Wenn man Lust und Zeit hat, kann man die drei auch gut zu einer etwas längeren Tour verbinden, würde sich für dich aus der Südstadt u.U. auch anbieten.

Wenn du Lust hast, kannst du dich mir gerne mal anschließen (fahre ausschließlich CC). Wollte am WE auf jeden Fall mal in den Deister.

Gruß
Sebastian


----------



## MTB-News.de




----------



## Wasserträger (21. Februar 2007)

Hallo fitforfun!!!

ich bin im Moment öfter mal Rund um Hannover unterwegs und nach der Zeitumstellung wird das wohl meine Feierabendrunde werden. Fahre ab Vahrenwalderstr. am Kanal entlang, biege dann in Richtung Altwarnbüchener See ab und fahre einmal um den See. Von dort geht es dann am Kanal wieter zur Schleuse (Anderten) weiterzum Maschsee. Der MAschsee wird dann auch nochmal umrundet und wenn ich wieder bei mir zu Hause bin sind das fast 50 km. Gut für die Kondition und am WE gehts dann zum HM-Fressen in den Deister. Wenn Du mal Lust hast die Feierabendrunde mit zu fahren kannst Du dich gerne mal melden. Bis später vielleicht mal....

Grüße
Stefan


----------



## Monday (21. Februar 2007)

Hallo Wasserträger,

fahre manchmal die gleiche Runde, nur das ich am Altwarmbüchener See starte. Ab wann fährst du denn diese "Feierabend" Runde? Würde mich sehr gerne anschließen.


----------



## winx (21. Februar 2007)

Deister-Fahrer aus Hannover findest du auch auch hier: www.bc-north.de

gruss


----------



## Wasserträger (21. Februar 2007)

@monday

zur Zeit fahre ich die Feierabend meist am WE wenn ich nicht im Deister bin. Es ist ja abends immer noch dunkel bzw. wird dunkel. Meist entscheide ich das relativ kurzfristig aber wenn Du willst können wir gerne mal ne Runde drehen. Du kannst mir ja mal Deine Handynr. per Mail oder PN schicken und wir telefonieren mal.

Grüße
Stefan


----------



## taifun (23. Februar 2007)

Quen schrieb:


> Hallo!
> 
> Wenn du Lust hast, kannst du dich mir gerne mal anschließen (fahre ausschließlich CC). Wollte am WE auf jeden Fall mal in den Deister.
> 
> ...



hey...das ist unfair...will mit....bin nur außer gefecht gesetzt


----------



## fitforfun (25. Februar 2007)

Hallo und vielen Dank für eure Antworten. Wenn es das Wetter demnächst wieder etwas angenehmer macht, bin ich dabei...


----------



## X.T. (28. Februar 2007)

Hallo Biker aus Hannover!

Schaut doch einfach mal bei der MTB Gruppe des Hochschulsports Hannover vorbei! Dazu müsst Ihr auch nicht unbedingt Student sein!!! Viele Interessante Dinge u. a. zum biken in unseren Revieren wie auch einen Tourentreff findet Ihr dort!
*www.mtb-unisport.de*

In diesem Sinn, eine glorreiche Saison!


----------



## Hitzi (2. März 2007)

@fitforfun

Herzlich willkommen in der schönsten Stadt der Welt  

Ich könnte auch eine nette Feierabend-Runde rund um den Kronsberg anbieten. Sind dann zwar nur ca. 35 Km und 200 Hm aber das ist besser als nichts.

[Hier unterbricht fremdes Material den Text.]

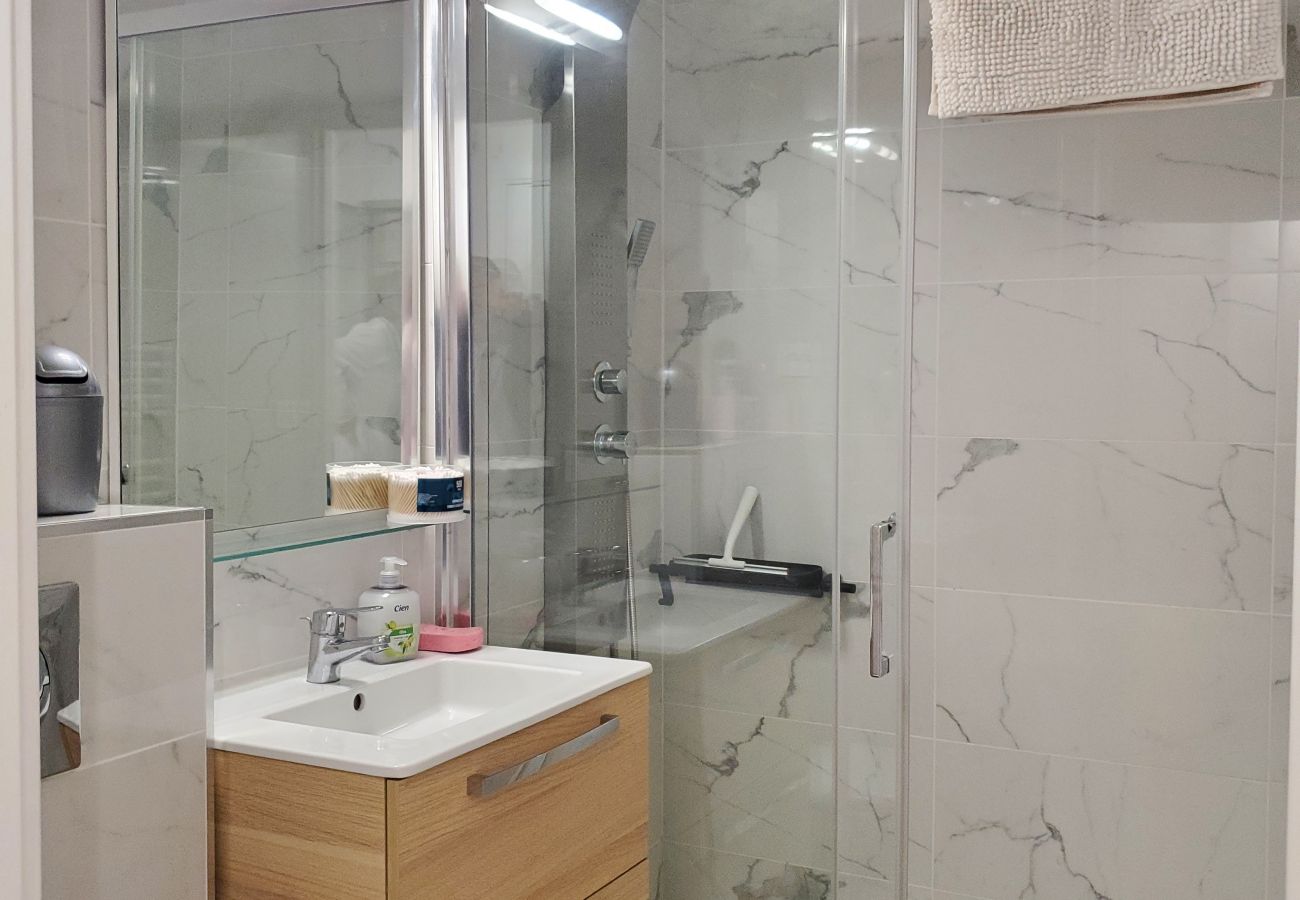 Studio à Fréjus - FREJUS Plage La Miougrano Studio climatisé de 29 m2 pour 2 Adultes et 2 enfants, piscine, WIFI  haut débit et parking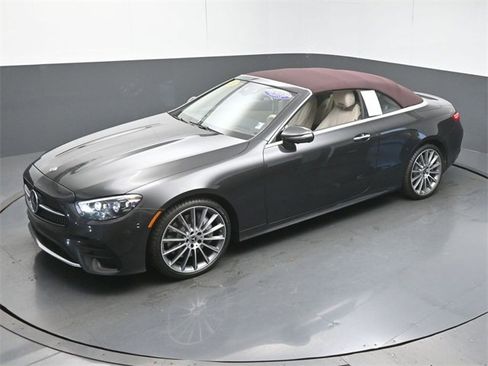 Used 2023 Mercedes-Benz E 450 4MATIC Cabriolet image 45
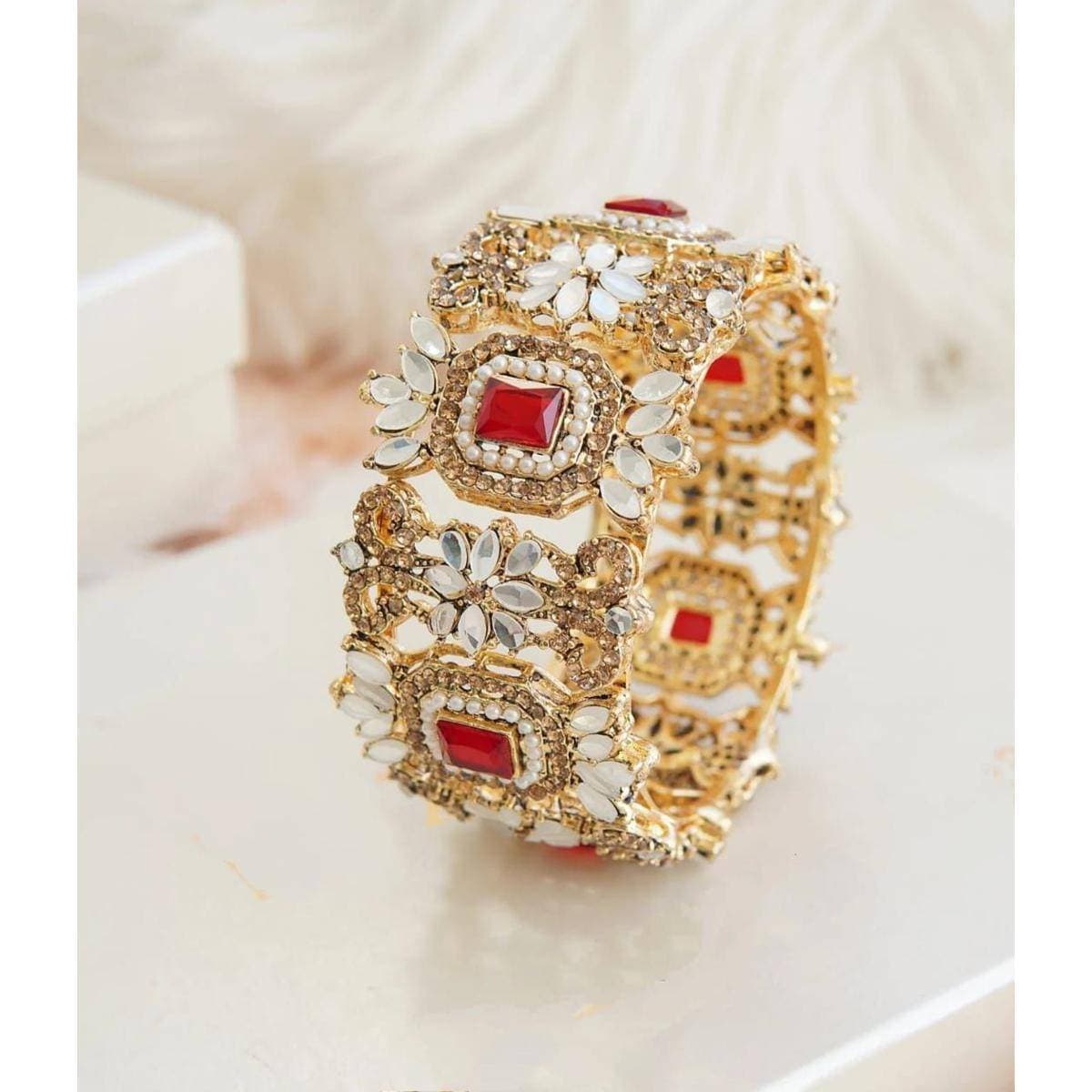 Beautiful design Bangle for Wedding & Party - 1 Piece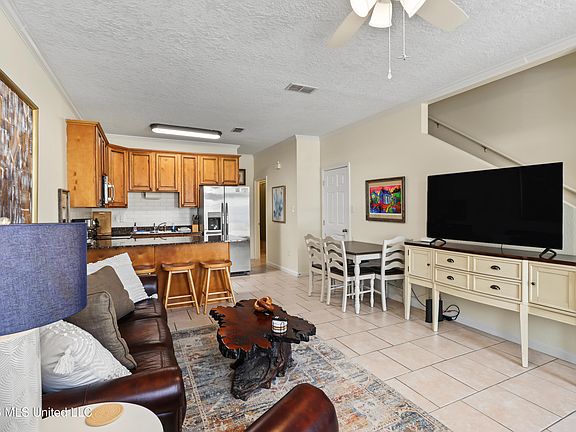 4th image of 1101 Century Oaks Dr #B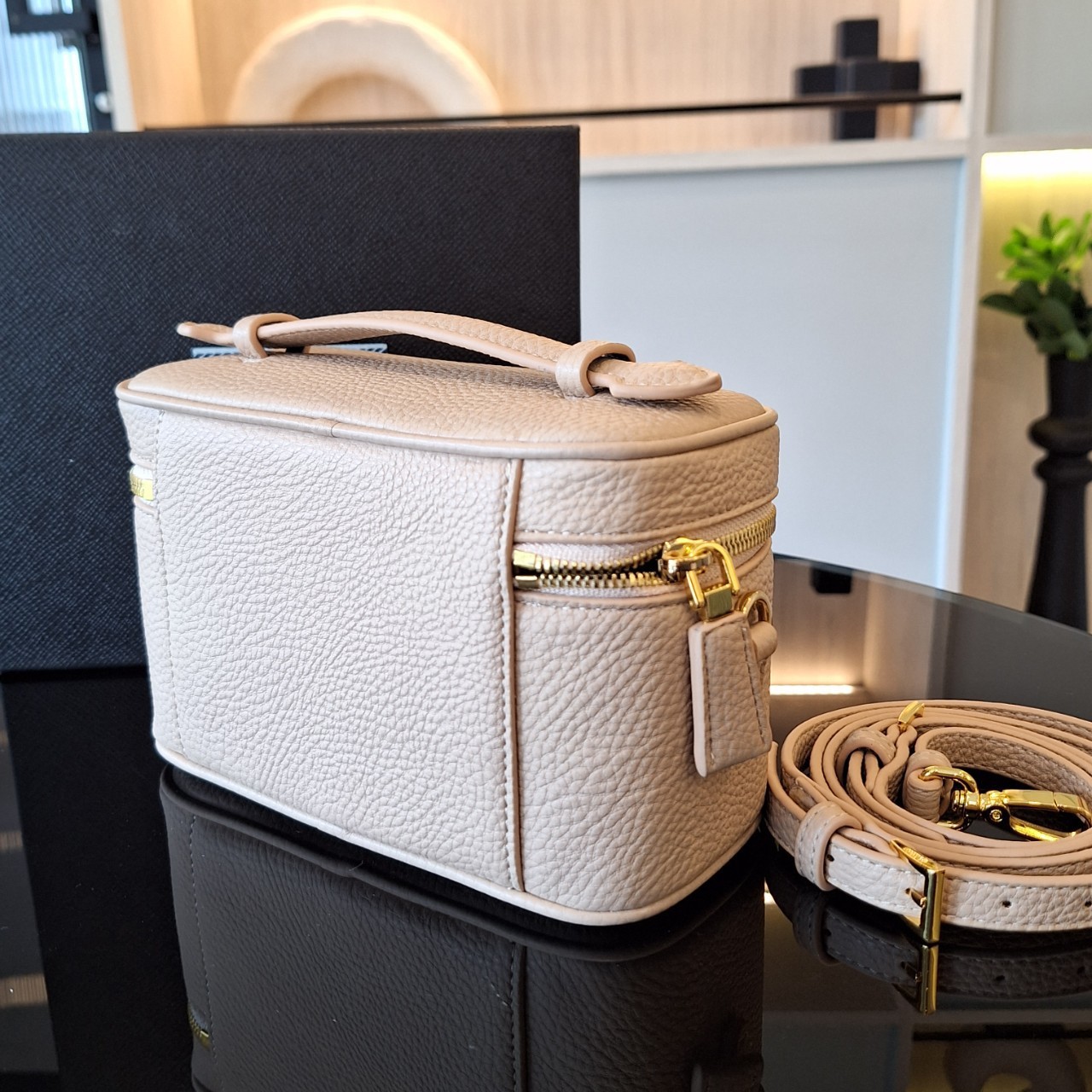 PRADA BOX BAG รุ่นใหม่จากแบรนด์ Prada กับทรง Mini Box ขนาดกำลังดี อยู่ทรงสวยมากกกก อะไหล่ทองทั้งใบ และยังมาพร้อมสายสะพาย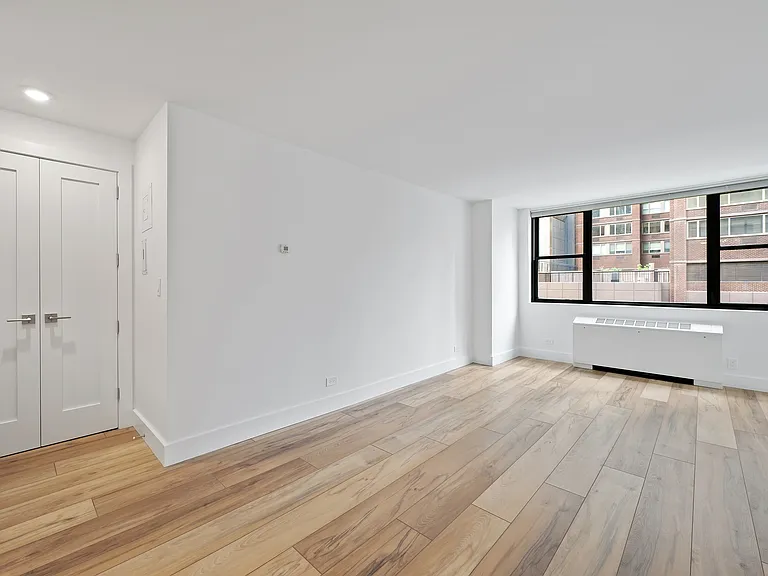 315 W 57th St #8G — Photo 4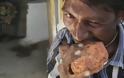 Ο άνθρωπος που τρώει τούβλα, χαλίκια και λάσπη! [photos&video]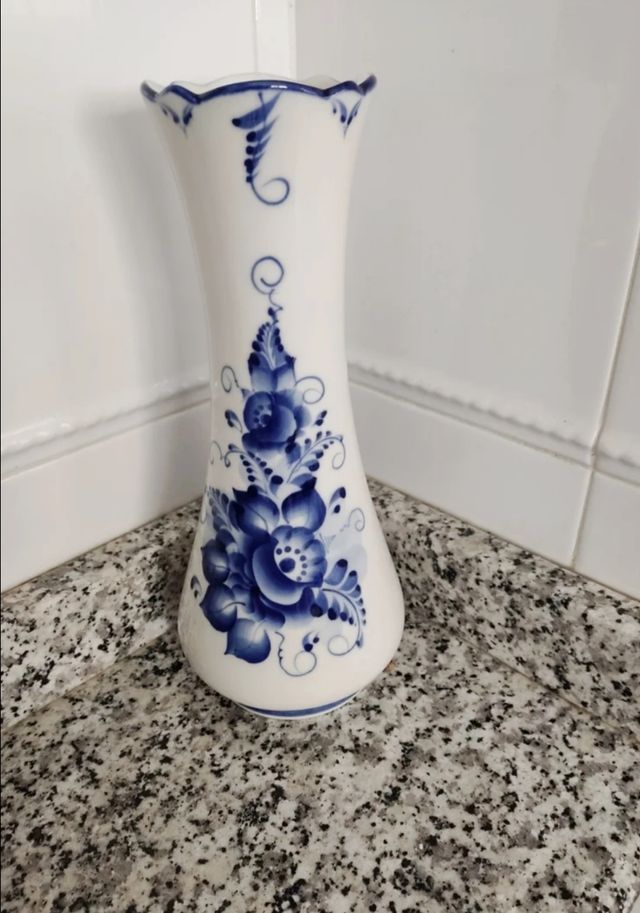 Jarrón Gzhel porcelana azul y blanco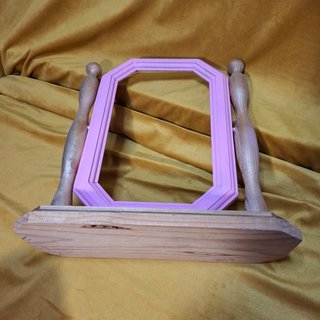 Marco expositor madera rosa con base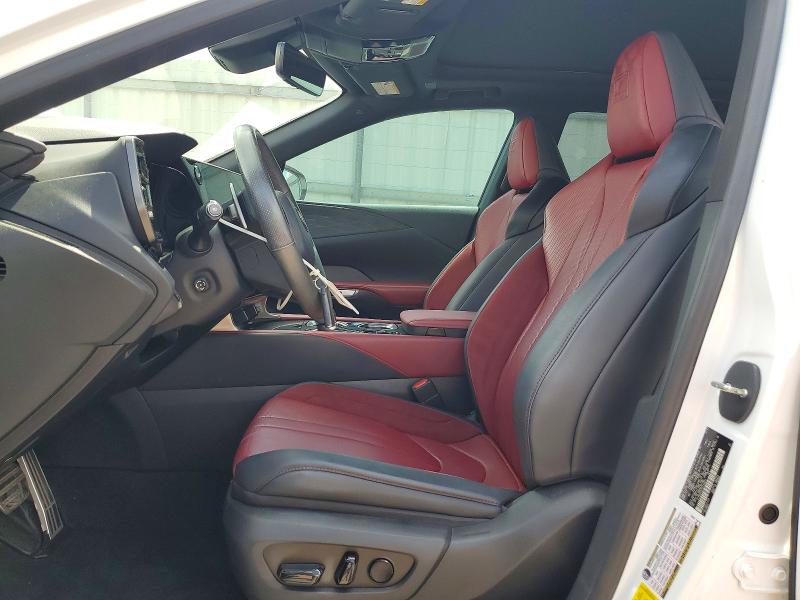 63926196 :رقم المزاد ، 2T2BCMEA3RC014854 vin ، 2024 Lexus Rx مزاد بيع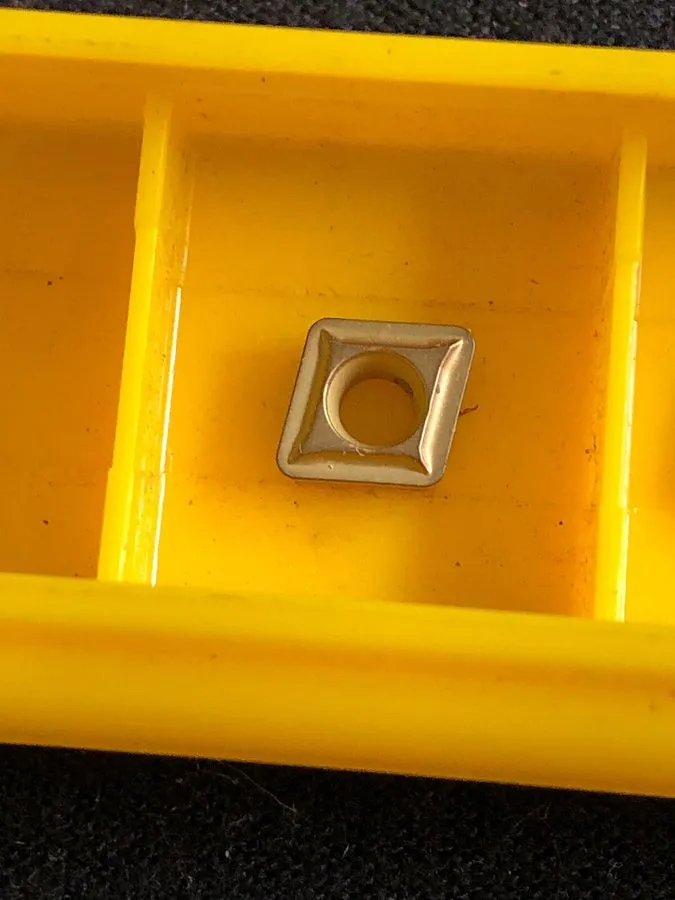 Режущий инструмент KENNAMETAL CCMT060208LF KC5010 CARBIDE INSERT CCMT2152LF Turn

Dabei werden die beiden tollen Aussichts-Hügel an der Messe angefahren und ein paar tolle Trails (leider nur ebenerdig) sind auch dabei.

Wer hat denn noch interesse?

Vielleicht könnte man einen festen Termin in der Woche finden? Dienstags, Mittwochs? Da könnte man ja auch flexibel sein.............

Grüße Hitzi


----------



## X.T. (7. März 2007)

> Vielleicht könnte man einen festen Termin in der Woche finden? Dienstags, Mittwochs? Da könnte man ja auch flexibel sein.............



Tagchen 96er!

Du bist hiermit herzlich eingeladen Dich bei unserer neuen Seite im Tourentreff zu registrieren. Da können wir gerne regelmäßige "Feierabenrunden" verabreden. Wo ist überhaupt Dein Startpunkt in H.?

Grüße Dich...

http://www.mtb-unisport.de


----------



## MTB-News.de




----------



## fitforfun (7. März 2007)

Vielleicht könnte man einen festen Termin in der Woche finden? Dienstags, Mittwochs? Da könnte man ja auch flexibel sein.............

Grüße Hitzi[/QUOTE]

@hitzi
Sobald das Thermometer wieder etwas ansteigt, bin ich gerne dabei! Di, Mi, Do ist gut, wo könnte es losgehen? Wohne in der Südstadt Nähe Maschsee.

Gruß, FFF


----------



## Wasserträger (8. März 2007)

@fitforfun & Hitzi

ich bin in Vahrenwald Nähe Mediamarkt / Kanal zu Hause wie ich immer fahre steht ja etwas weiter oben. Wäre schön wenn wir uns irgendwo auf der Strecke treffen können oder wir machen irgendwo einen Trefffpunkt aus. Bei sind fast alle Wochentage möglich. So nun bin gespannt was daraus wird ;-)


----------



## tom de la zett (8. März 2007)

verdammte Axt, hab ich wohl nen Doppelgänger.....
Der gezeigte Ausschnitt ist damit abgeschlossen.